The hardest hit will be those working in livestock and fast-moving consumer goods (FMCG) logistics, as stocking these items is simply not an option. Retailers in FMCG, who are already facing financial difficulties due to the pandemic, will now also feel the force of the aforementioned transport and logistics price hikes. Haulage rates in some instances, for example from Italy to the UK, have already more than tripled. Although this is likely to be an example of a temporary spike, the reality is that volatility will continue post-Brexit and that the importance of supply chain resilience is bound to be redefined.
Perhaps like never before, supply chain resilience will come to be defined by knowledge of regulatory frameworks and policy compliance, where possible. All the digitization and all the big data computation efforts of recent years will struggle to make up for the days of border delays that are nullifying technological efficiency, one complex regulation at a time.

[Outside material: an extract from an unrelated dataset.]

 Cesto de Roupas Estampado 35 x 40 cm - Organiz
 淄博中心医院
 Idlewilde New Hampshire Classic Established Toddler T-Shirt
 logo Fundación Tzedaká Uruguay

Gartner Director Susan Boyle notes that one in five consignments is being sidelined due to not having the correct customs clearance. The new implementation of the ‘rules of origin’ regulation only adds to the chaos, with different levies incurred on UK products sent to the EU, depending on the percentage of the components that originally came from other countries. Companies have begun to simply accept levies rather than spend the necessary time to comply with proof of origin requirements. A lack of regulatory transparency could not be implied much more clearly than that.
Due in part to — what can only generously be called — these Brexit teething pains, German logistics giant DB Schenker recently decided to suspend certain cross-border deliveries to the UK. In a statement, DB Schenker cited “considerable problems” with the UK Government’s NCTS (New Computerised Transit System) which came into play on January 1st. They claim that the system erroneously made 90% of their shipments have invalid paperwork. DPD group also suspended UK deliveries from the EU, stating that 20% of their deliveries had incorrect paperwork using the NCTS system, causing them to be returned to sender.
All of this indicates a present in which logistics firms and businesses see themselves having to improvise to prevent massive Brexit-related disruptions to their supply chains. It is a position that highlights the role of digitization as a process that goes far beyond internal company processes. Due to outside intervention and policy uncertainty, logistics firms are seeing efficiency gains made through automation and supply chain optimization go to waste. As such, the early tentative steps into a post-Brexit world feel like an insight into supply chains as private-public partnerships that require the guidance of state entrepreneurship in promoting innovation — even in regulatory and bureaucratic matters — so as to enable functional supply chains and ensure business as usual.